Have you been to Appalachia? It's not on the coast and does not have these benefits. If you want to compare it to West Coast areas, it's more like Sierra Nevada. Inland Mountains with only small valleys to build infrastructure in.
[1] https://upload.wikimedia.org/wikipedia/commons/e/e0/Sausalit...
[2] https://images.seattletimes.com/wp-content/uploads/2016/03/9...
Cumberland, MD vs San Francisco. Wow, when I overlay urban areas of Bay Area, it's heavily built up in much flatter areas and gets much less dense as elevation change gets steeper. Not to mention, sea access gives you massive advantage since you are not having to move as much over really tall mountains.
Cumberland, MD has none of these. It's in a valley between two larger ridges of mountains but is heavily constrained. Also, not having sea access means transporting goods there is much more difficult and requires more infrastructure. And since we are one nation, you could just move west to much flatter Ohio and Great Lakes or East to flat parts of Maryland and Chesapeake Bay.
Sure, Bay area built up with creating really excellent schools that created really high paying industries but thinking it was "We lifted ourselves up by our bootstraps" and instead "Our geography and World War with Navy on our coast desperate to win really did help us."
Seattle was MADE flat by literally using fire hoses to flatten hills and mountains [0].
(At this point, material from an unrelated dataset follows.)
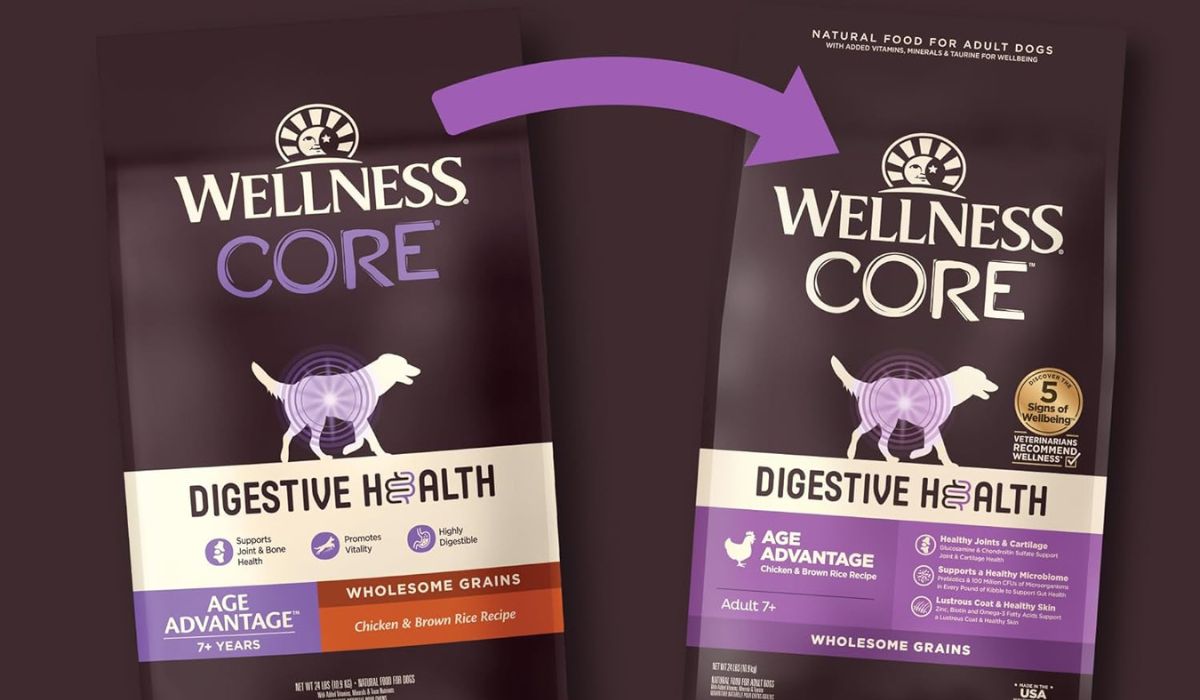 Best Dog Food for Older Dogs With Stomach Issues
That said, I disagree with the role geography has with developing a tech industry - most of it can be directly related to investment put during WW2 and the 1950s into innovation clusters.
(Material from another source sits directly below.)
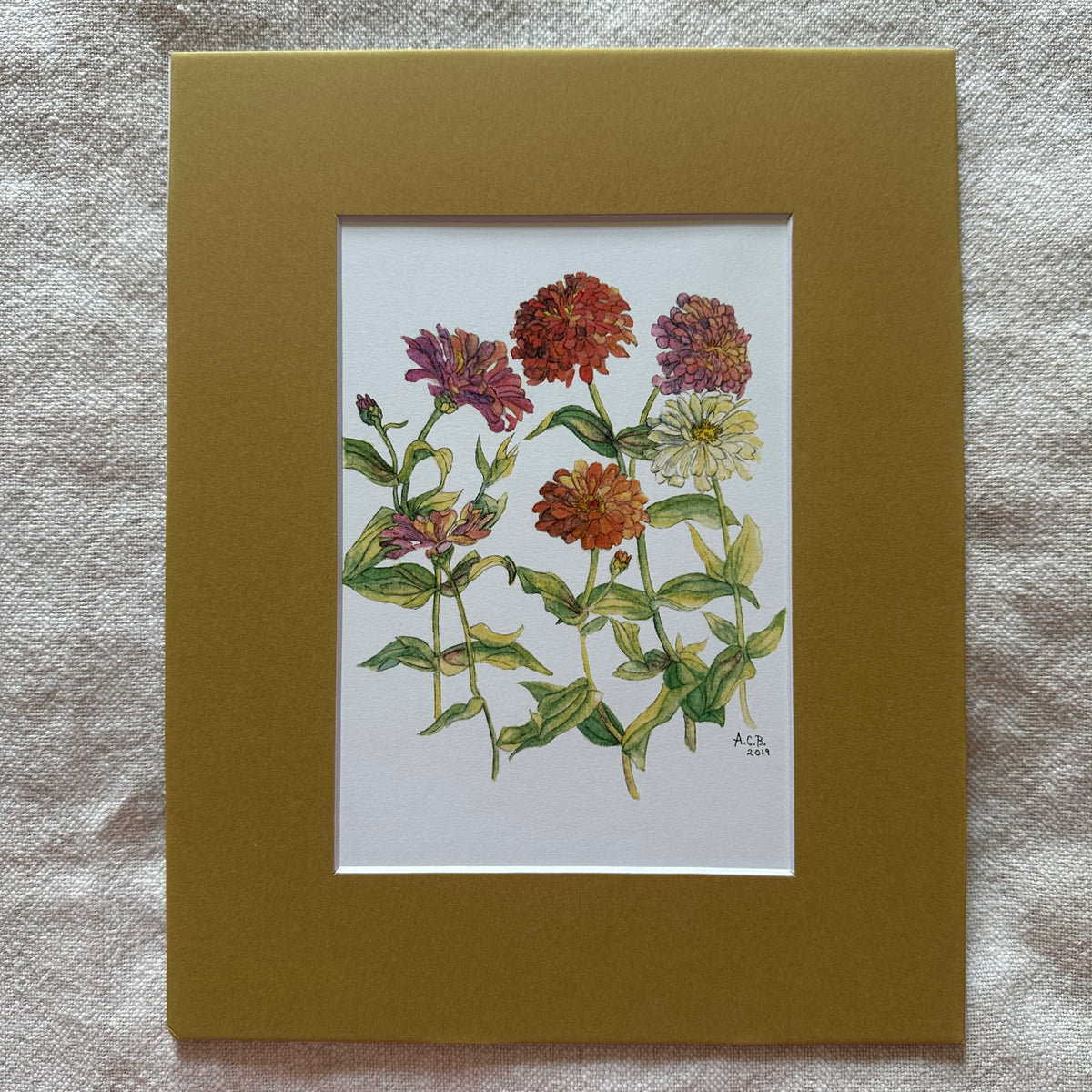 Garden Flowers 5x7 Print in 8x10 Mat: Zinnias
For example, Seattle and aerospace (Boeing), Bay Area and computers+electronics+nukes (HP, IBM Almaden, LLNL, LLBL, Los Alamos managed by UCB), San Diego and Biotech+Defense Tech (Salk Lab, Navy), Portland and electronics (INL, PNNL, Tektronics, Intel), etc
The Bay Area really benefits from Stanford and Berkeley being there. You need a steady stream of educated new grads to grow from.